Manufacturers are encouraged to include the THR information on their packaging and such.  Of course, this only applies to licensed products and does not change any laws, so unapproved claims about “unapproved” products are still, well, unapproved.

Criticisms of the narrow-mindedness
As noted above, the Guidance is restricted to “licensed products” and this provoked a lot of ire when it came out.  The closest they come to acknowledging the reality that exists beyond their licensing paywall is, “little direct evidence is available on the effectiveness, quality and safety of nicotine-containing products that are not regulated by the MHRA. However, they are expected to be less harmful than tobacco.”  While better than denying that they are less harmful, this is still a lie at a couple levels:  There is a lot of evidence about effectiveness, quality, and safety.  (Perhaps they were trying to hide behind the word “direct”, but since it is basically meaningless, there is no refuge there.)  These products are known (not “expect to be”) a lot less harmful than smoking, but not less harmful than “tobacco”, a category that clearly includes smokeless products that are just a low-risk.  (Indeed, in the minds of many, all the products mentioned here, when used on a long term basis for non-medical reasons, form the category “tobacco”, though that does not tend to be the UK way of thinking).   Just because you cannot buy low-risk smokeless tobacco in the UK is no excuse for pretending that it does not exist.  Still, this cryptically acknowledges that e-cigarettes, despite the government not officially granting people permission to use them, are low risk.

The Guidance goes so far as to say, “Electronic cigarettes are becoming increasingly popular. If the MHRA starts regulating them, or there is positive new evidence of effectiveness, …this guidance should be considered for a rapid update.”  Of course, if e-cigarettes are MHRA-licensed products, the only thing that needs to be updated is adding them to the list of “approved” product types.  Nothing else would need to change.

There are probably a hundred incorrect specific claims in the document, but I am not going to go into that level of detail.  The count goes up to several hundred if you include their “review of the evidence” back-matter; that section is bad enough that it makes me wonder how the recommendations turned out as good as they are.  Indeed, it appears that the authors pretty much used that section for window-dressing and were motivated by better general knowledge, which is a good thing.

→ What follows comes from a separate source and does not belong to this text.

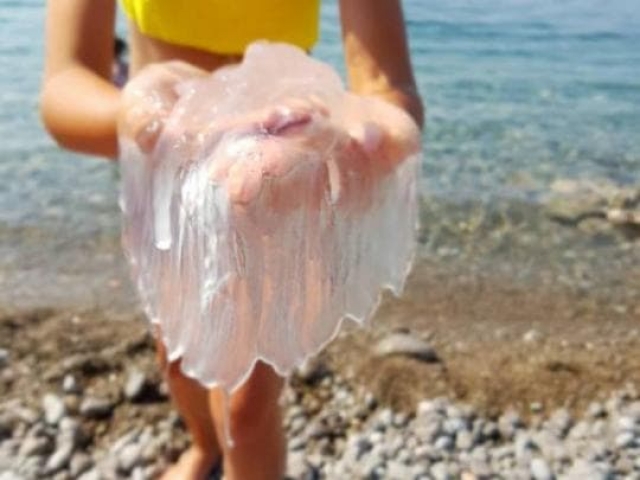 На курортах Западного Крыма – огромное количество медуз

A more subtle failure is the refusal to acknowledge how we know that smoke-free tobacco/nicotine products are low risk.  In their desperate attempt to avoid even recognizing the existence of smokeless tobacco, they attribute the knowledge that “licensed” products are low risk to the paltry data about long-term use of those products.  That level of evidence about, say, e-cigarettes would be derided by those who like the medicines as entirely inadequate.  The reason we know that the level of risk caused by smoke-free nicotine is indistinguishable from harmless is the extensive research that shows that smokeless tobacco has no measurable risks.  It is that knowledge that NRT makers cite when they try to argue that their products are low risk.  Too bad NICE could not be as honest.

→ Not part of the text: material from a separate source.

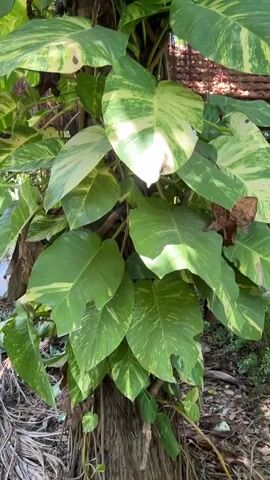 This video is a close-up, vertical shot of a large vine with variegated green and yellow heart-shaped leaves climbing up the trunk of a tree. The vine is dense, with many leaves obscuring the tree trunk in places. Sunlight filters through the leaves, creating bright spots and shadows. The background is out of focus, showing more greenery and hints of what appears to be a building with a tiled roof. The camera pans slowly upward along the vine.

The recommendations also fail because they think that tobacco harm reduction is really just about harm reduction (see my recent post).  They clearly communicate that the use of low-risk products is always the second-best choice, behind abstinence, and fail to explicitly acknowledge the advantages compared to abstinence.  This was inevitable, of course, but just because it is not surprising does not mean it is not wrong.  The Guidance acknowledges that some smokers do not want to become abstinent, and thereby implicitly acknowledges that there must be some disadvantages to abstinence.  But this is never recognized.  But on the glass-half-full side, those of us inclined to do so can point out that NICE acknowledges that there are benefits from tobacco use.  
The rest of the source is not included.